→ **Task item**
Write out the full set of records exactly. Any pictures in them do not belong in the copy.

Brief descriptive captions
=-=-=

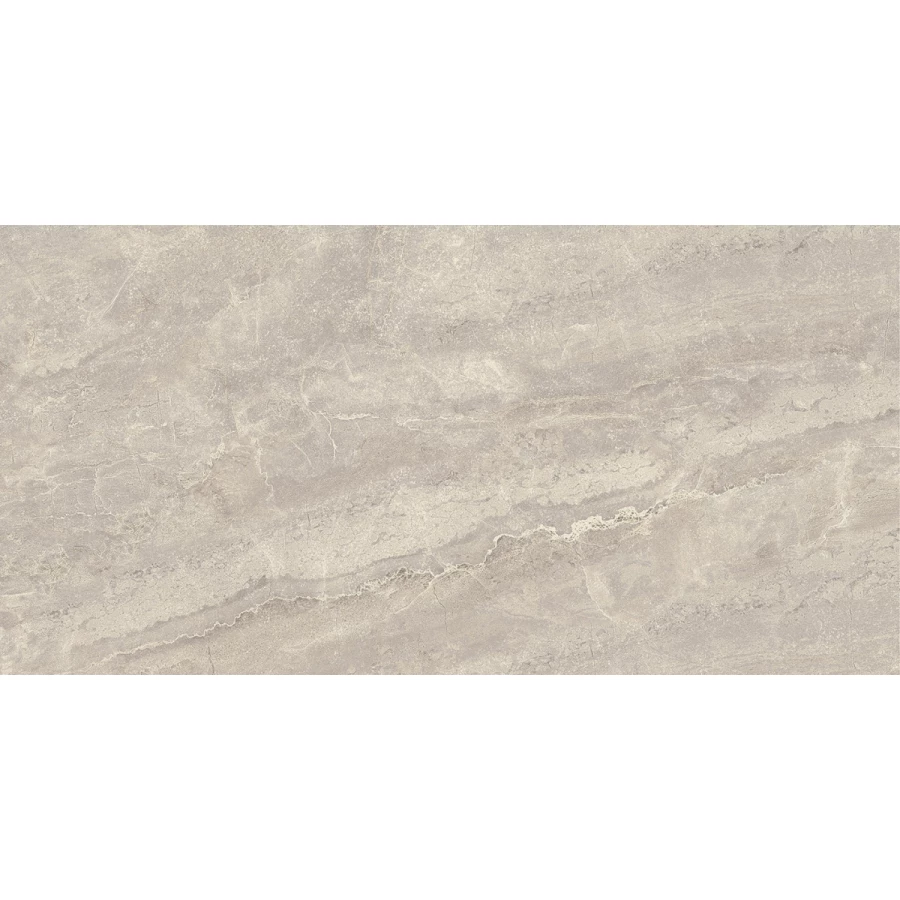 Керамогранит Laparet Cosmo Uffizi tabaco глянцевый обрезной 48041R 80х40 см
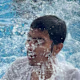 Arshad's avatar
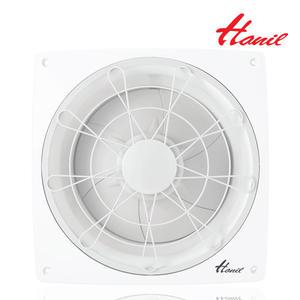 한일 환풍기 EKS-306AG 날개자동개폐형 그릴형 일반환풍기 스위치용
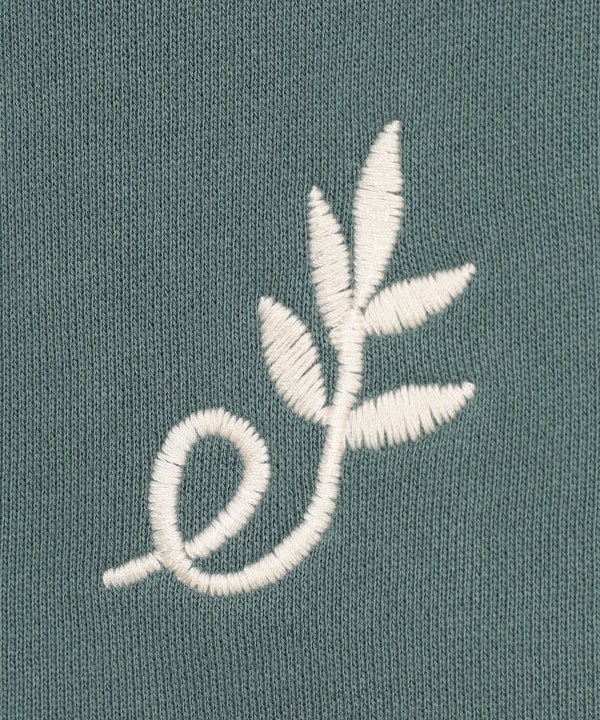 item main image
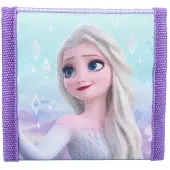 Disney Frozen Frozen 2 Magical Spirit kleefportefeuille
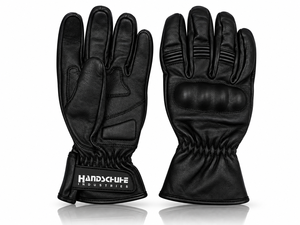 Best Sale Motorcycle Outdoor Autumn Winter Plus <b>Warm</b> Touch Screen Anti-slip Mountaineering Riding Windproof <b>Gloves</b> - Product Image 1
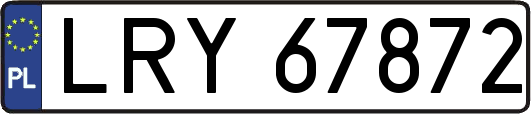 LRY67872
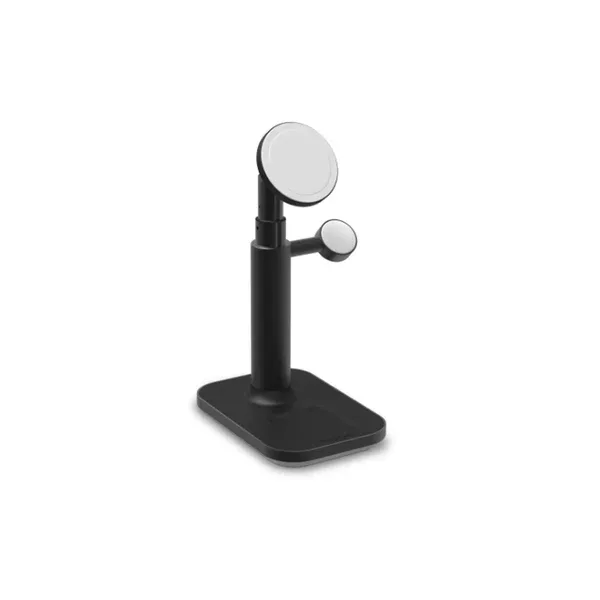 Mophie MagSafe 3-in-1 Extendable Wireless Charging Stand
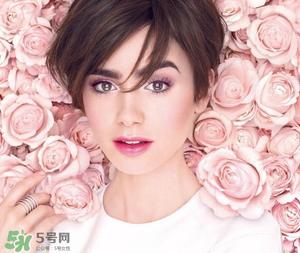 兰蔻2017年春季彩妆有哪些?兰蔻2017春季彩妆价格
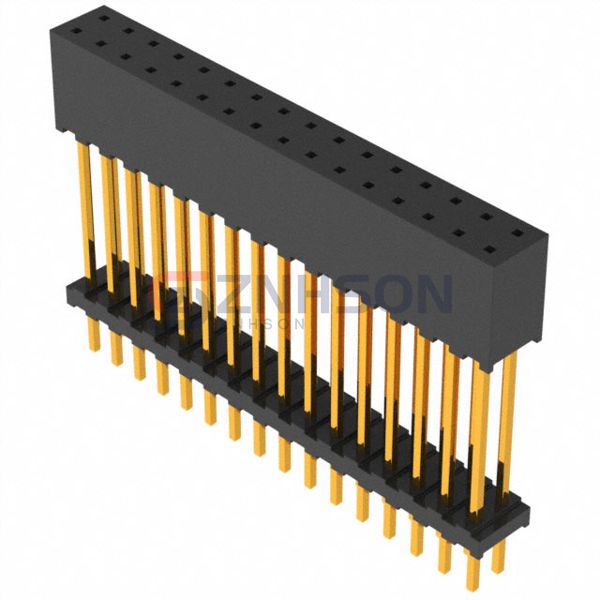 ESQT-116-02-G-D-720 Preview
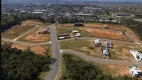 Foto 7 de Lote/Terreno à venda, 300m² em Canudos, Novo Hamburgo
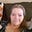 Eva “No nick name” Devaney's avatar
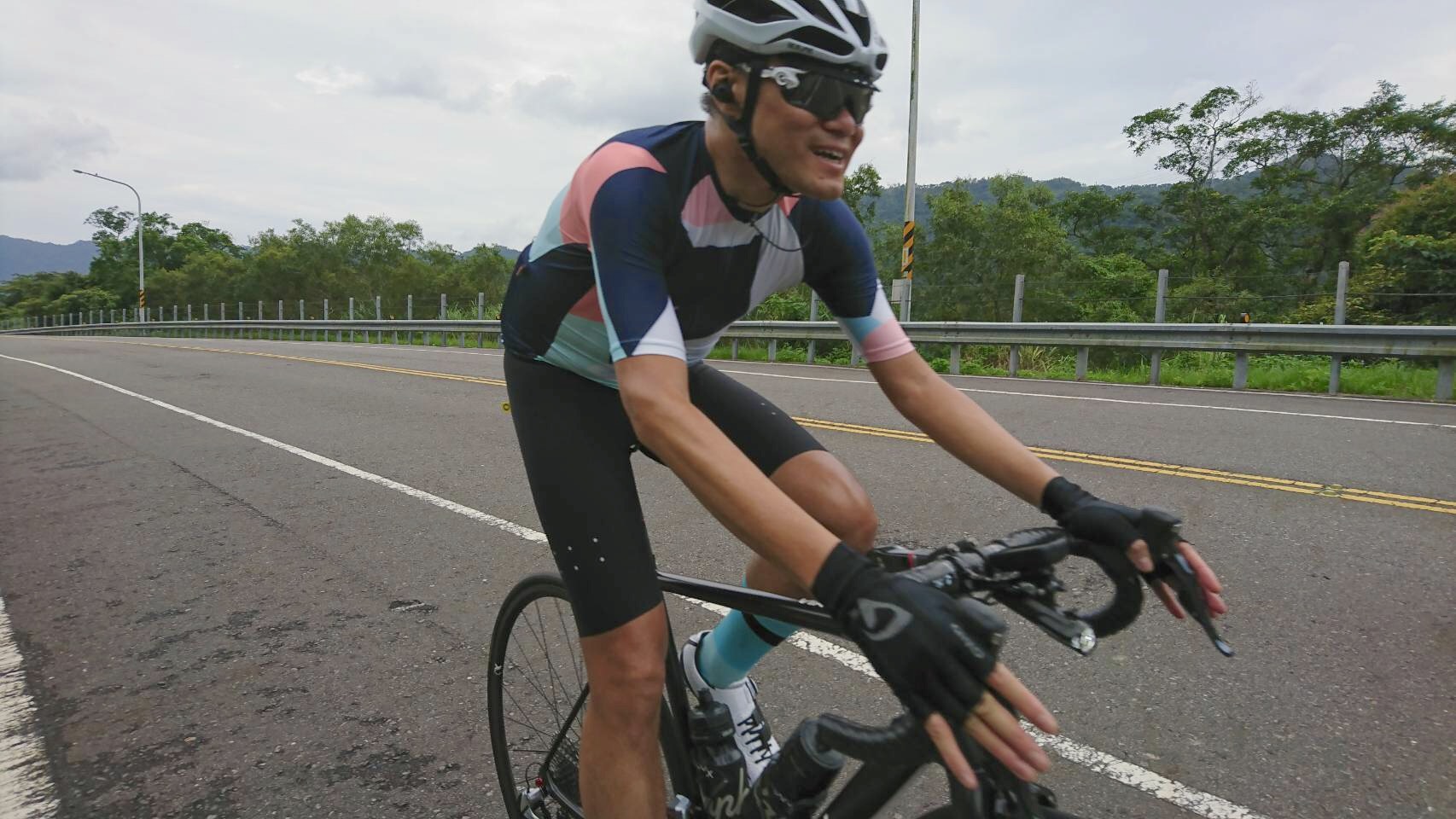 Mobirise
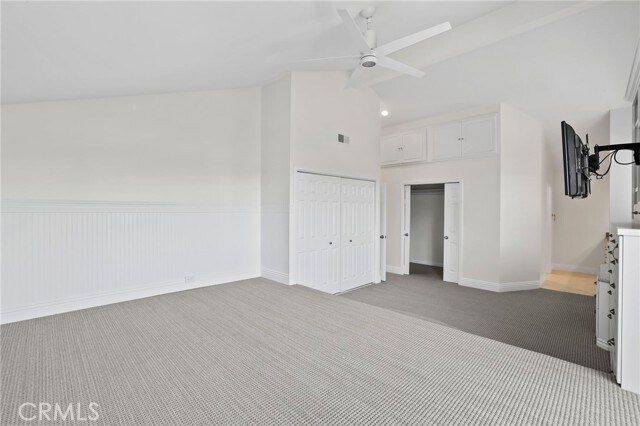 Building Photo - 1836 Port Abbey Pl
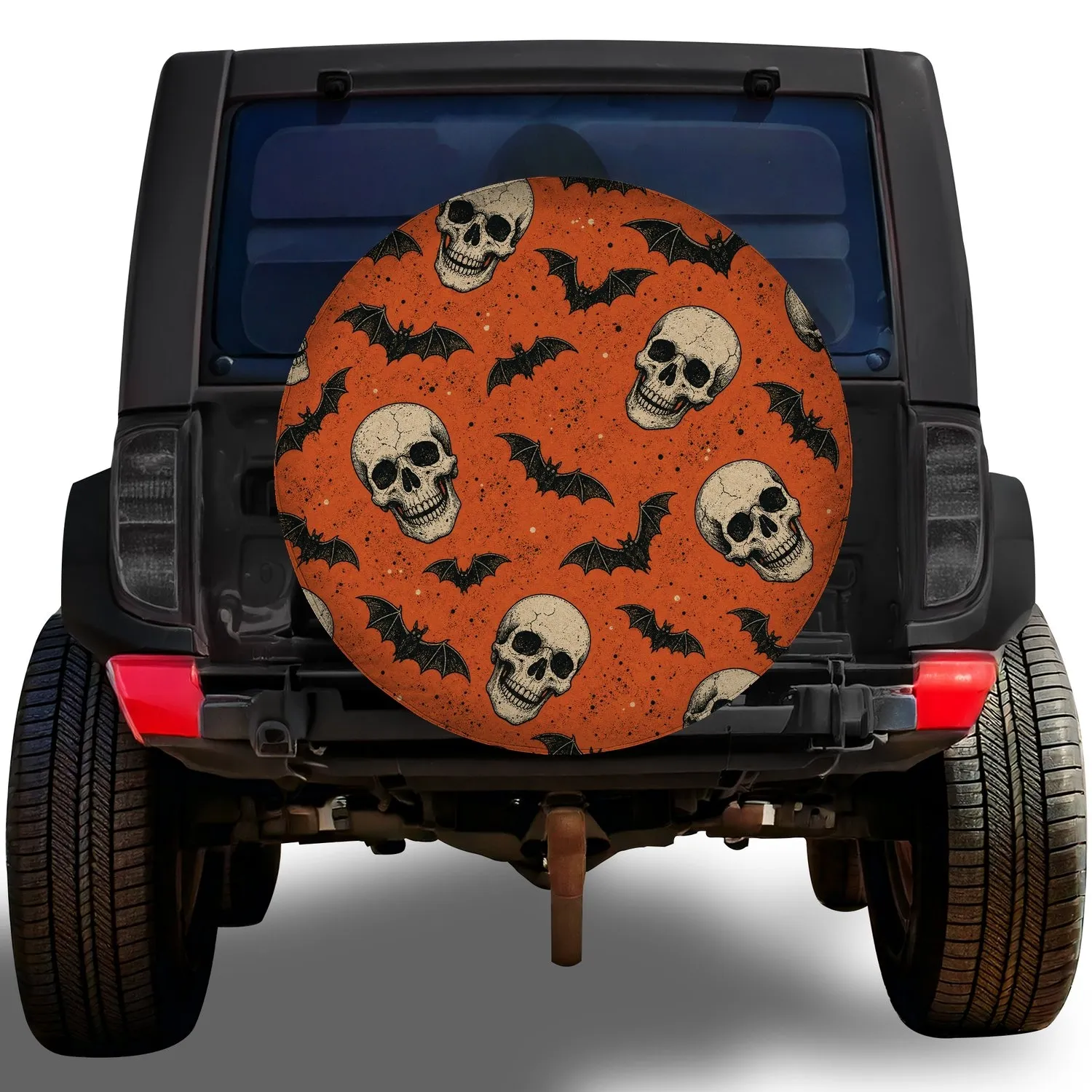 no-hole/JkGMUKgGLH
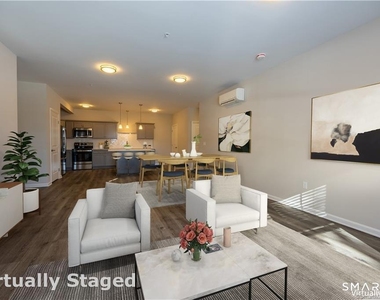 64 Mitchell Avenue - Photo Thumbnail 6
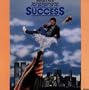 The Secret Of My Success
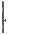 dolf_ru_213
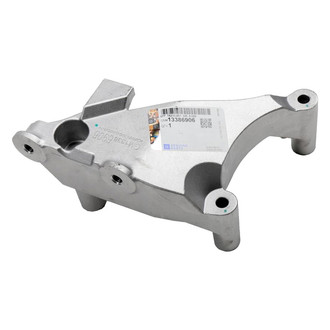 ACDelco® - Genuine GM Parts™ Engine Mount Bracket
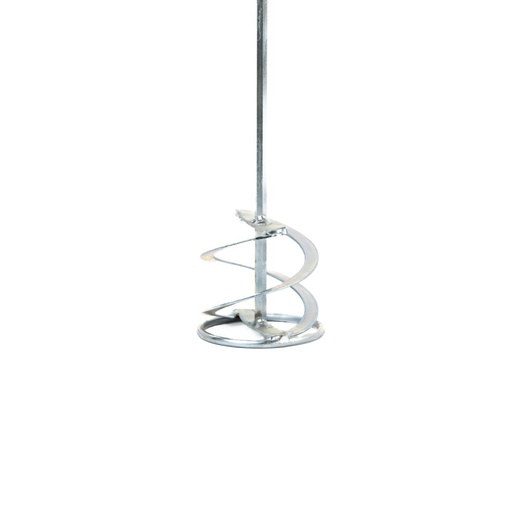 [60-1209] Mixer for mixtures 70x500 mm. HEX fastening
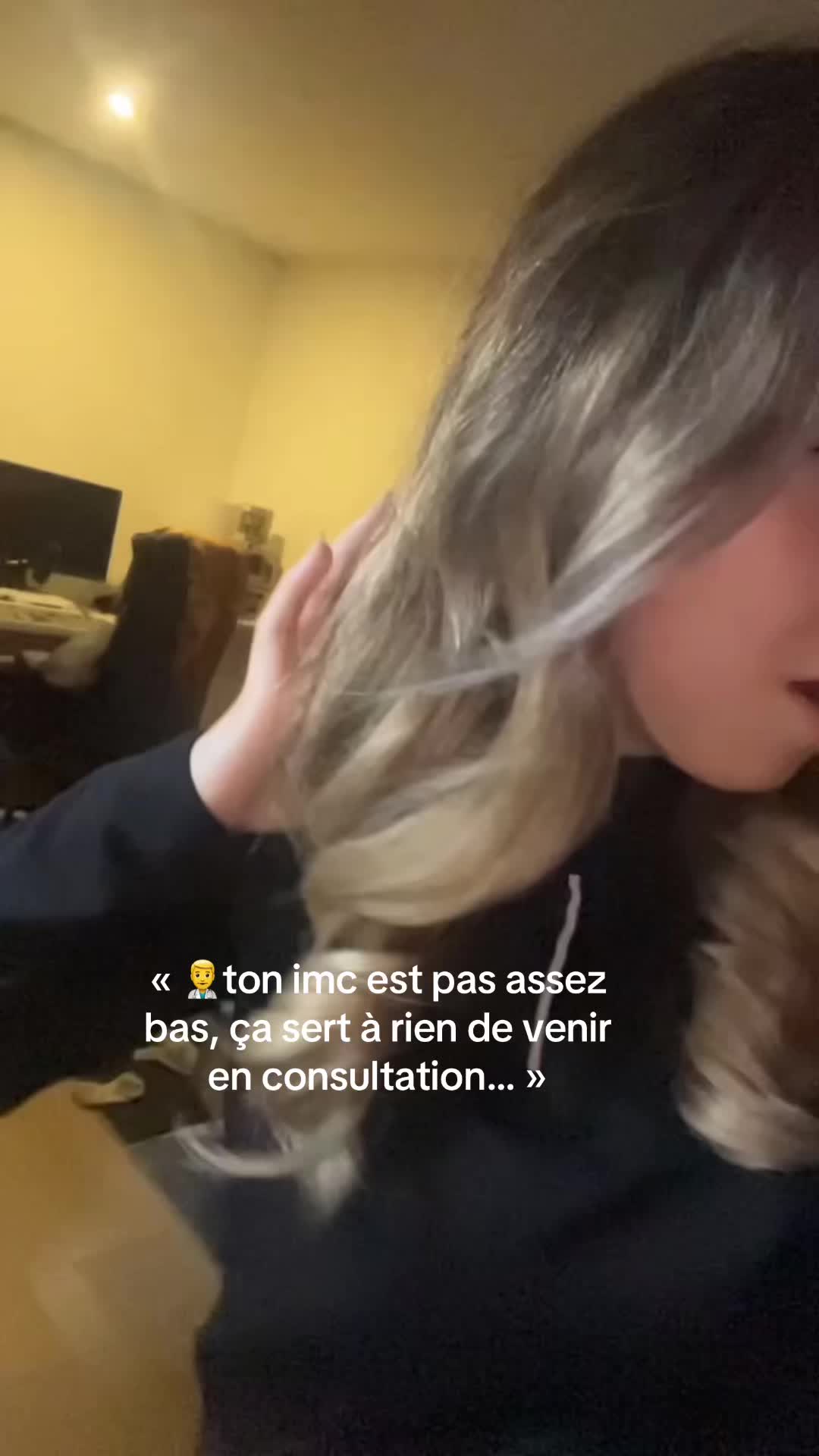 @Lilou🥥🪩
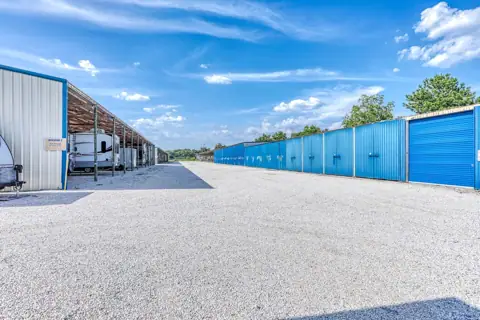 RecNation RV & Boat Storage photo 3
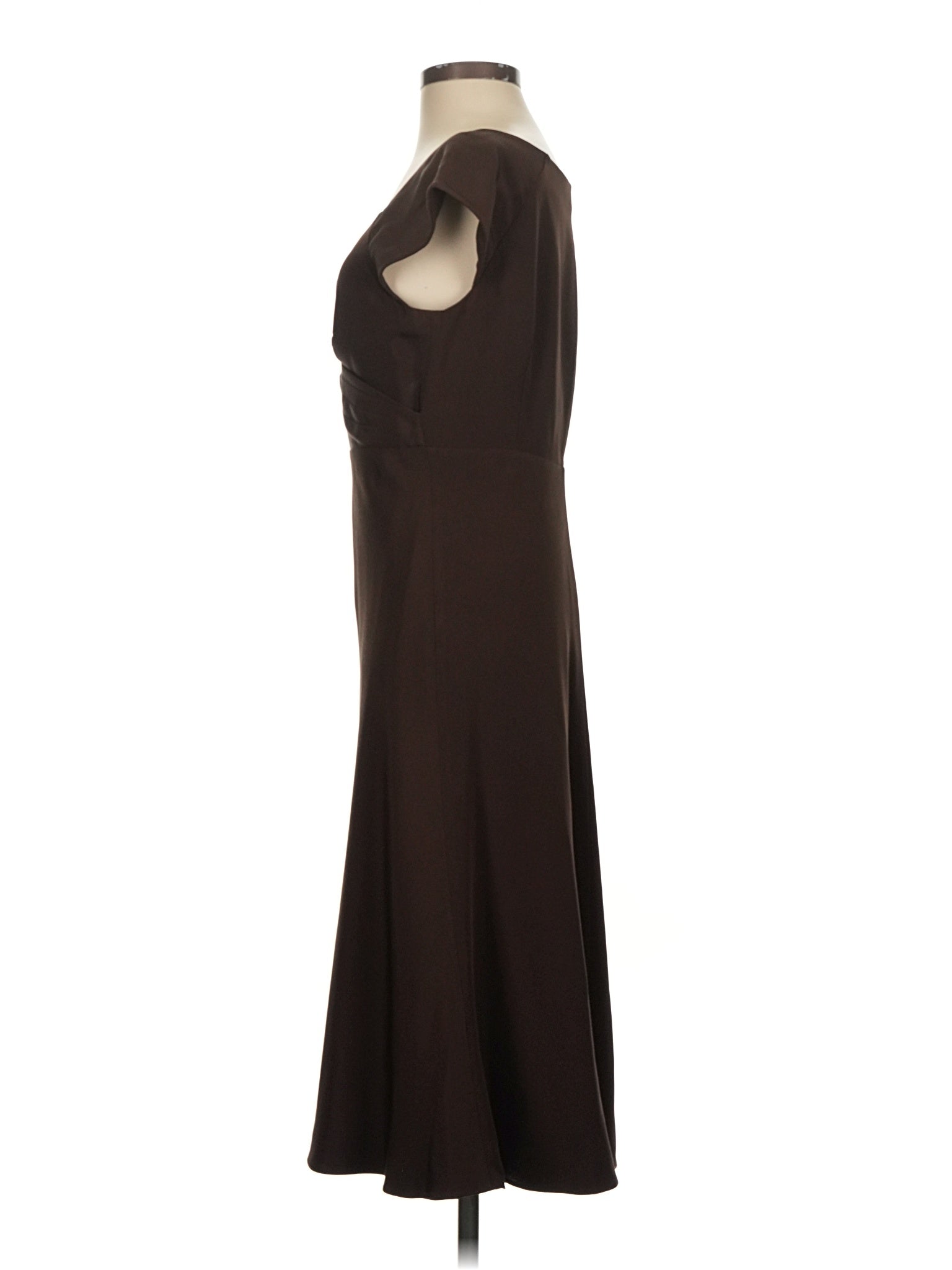 4 size - 4 P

=-=-=

→ **Your response**
 Керамогранит Laparet Cosmo Uffizi tabaco глянцевый обрезной 48041R 80х40 см
 Arshad's avatar
 한일 환풍기 EKS-306AG 날개자동개폐형 그릴형 일반환풍기 스위치용
 item main image
 Disney Frozen Frozen 2 Magical Spirit kleefportefeuille
 Best Sale Motorcycle Outdoor Autumn Winter Plus <b>Warm</b> Touch Screen Anti-slip Mountaineering Riding Windproof <b>Gloves</b> - Product Image 1
 LRY67872
 Mophie MagSafe 3-in-1 Extendable Wireless Charging Stand
 兰蔻2017年春季彩妆有哪些?兰蔻2017春季彩妆价格
 ESQT-116-02-G-D-720 Preview
 Foto 7 de Lote/Terreno à venda, 300m² em Canudos, Novo Hamburgo
 Eva “No nick name” Devaney's avatar
 Mobirise
 Building Photo - 1836 Port Abbey Pl
 no-hole/JkGMUKgGLH
 64 Mitchell Avenue - Photo Thumbnail 6
 The Secret Of My Success
 dolf_ru_213
 ACDelco® - Genuine GM Parts™ Engine Mount Bracket
 [60-1209] Mixer for mixtures 70x500 mm. HEX fastening
 @Lilou🥥🪩
 RecNation RV & Boat Storage photo 3
 4 size - 4 P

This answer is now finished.